--- Supplied material Enclosed Below ---

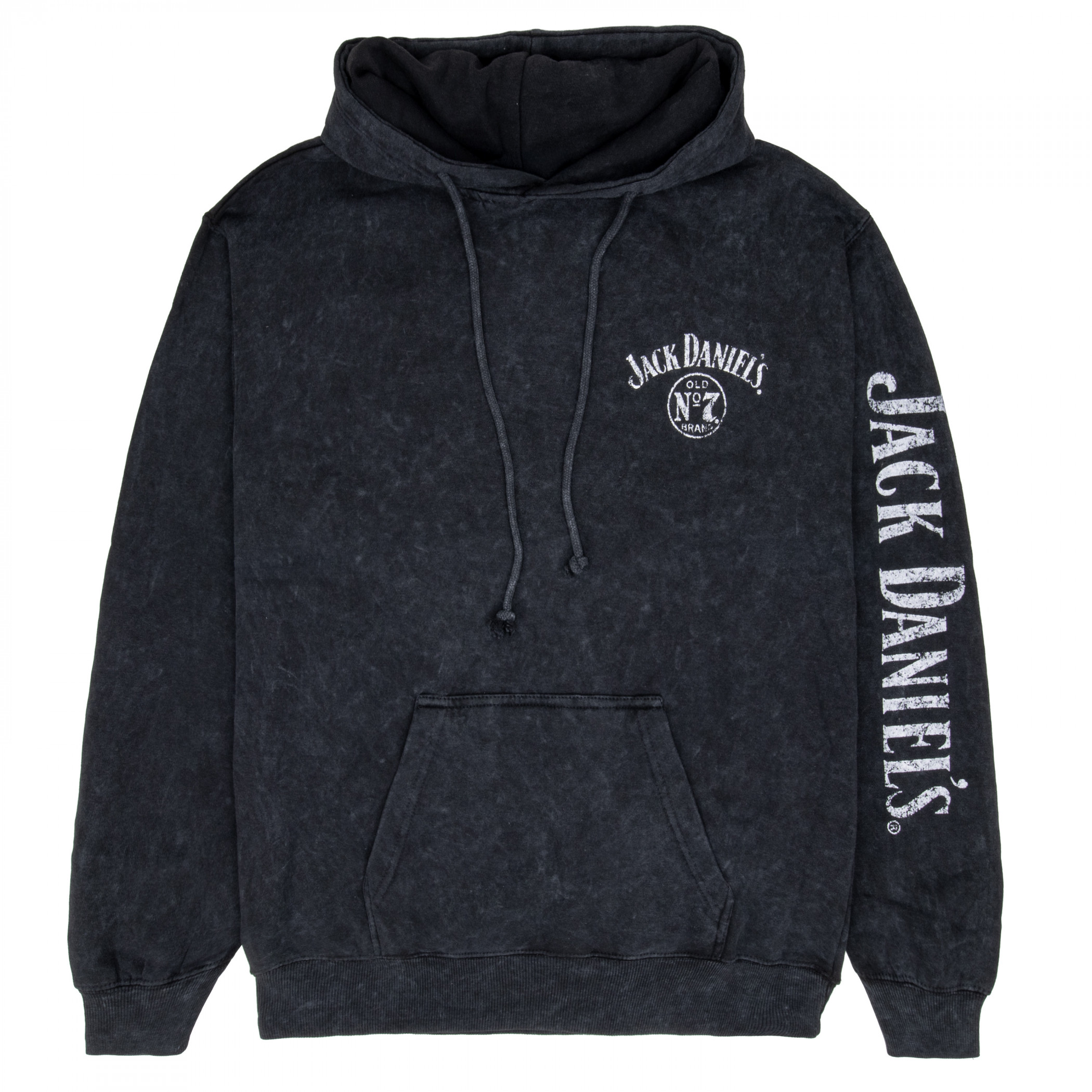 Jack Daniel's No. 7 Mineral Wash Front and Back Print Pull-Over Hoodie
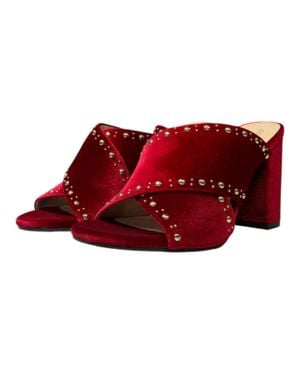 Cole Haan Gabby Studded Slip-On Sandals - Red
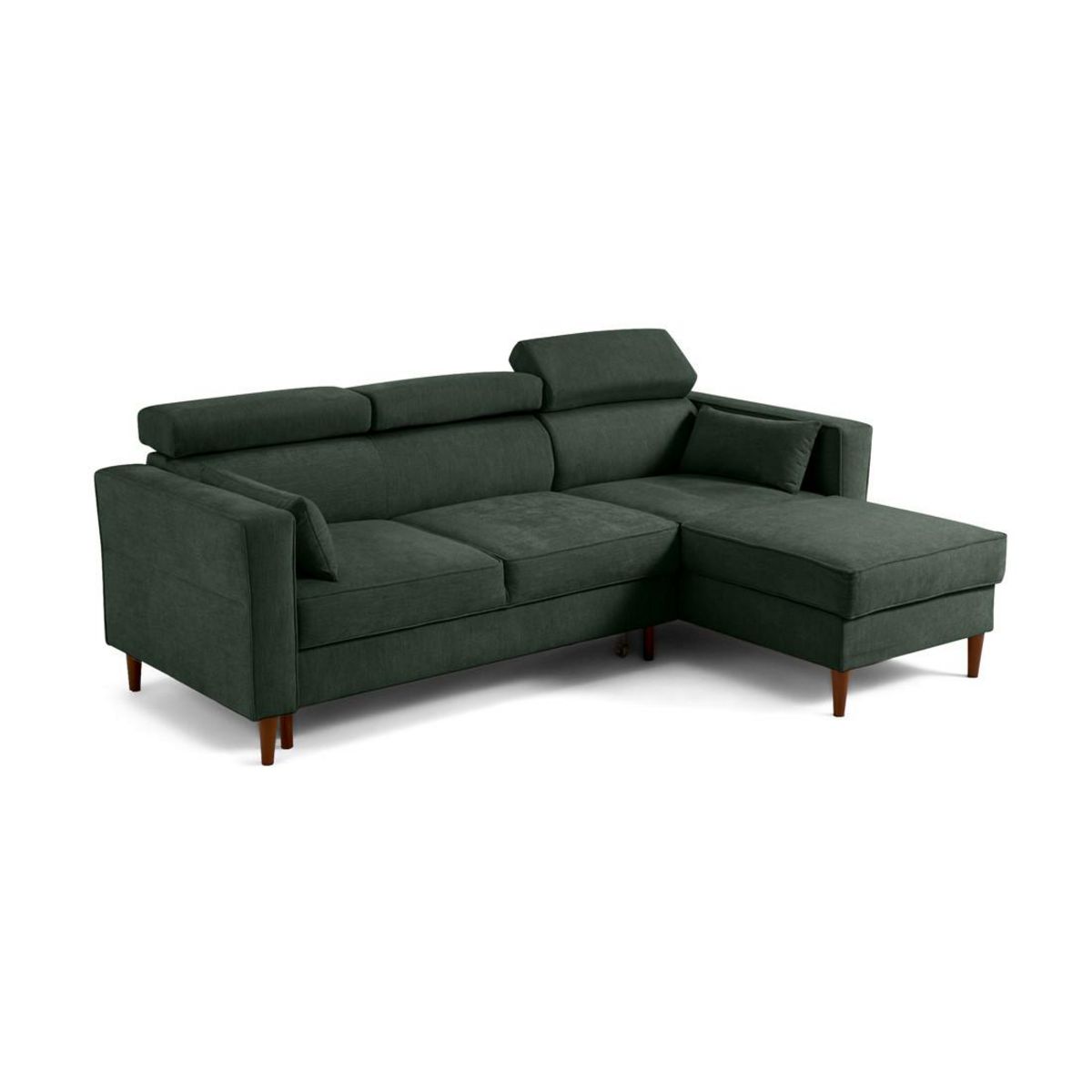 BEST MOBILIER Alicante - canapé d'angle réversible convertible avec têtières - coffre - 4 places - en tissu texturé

--- End of Enclosed Supplied material ---

- Exercise goal -
The answer must be the exact lines from the line with "Cole Haan Gabby" to the final line of the data, both ends included, with no pictures.

- Answer section -
 Cole Haan Gabby Studded Slip-On Sandals - Red
 BEST MOBILIER Alicante - canapé d'angle réversible convertible avec têtières - coffre - 4 places - en tissu texturé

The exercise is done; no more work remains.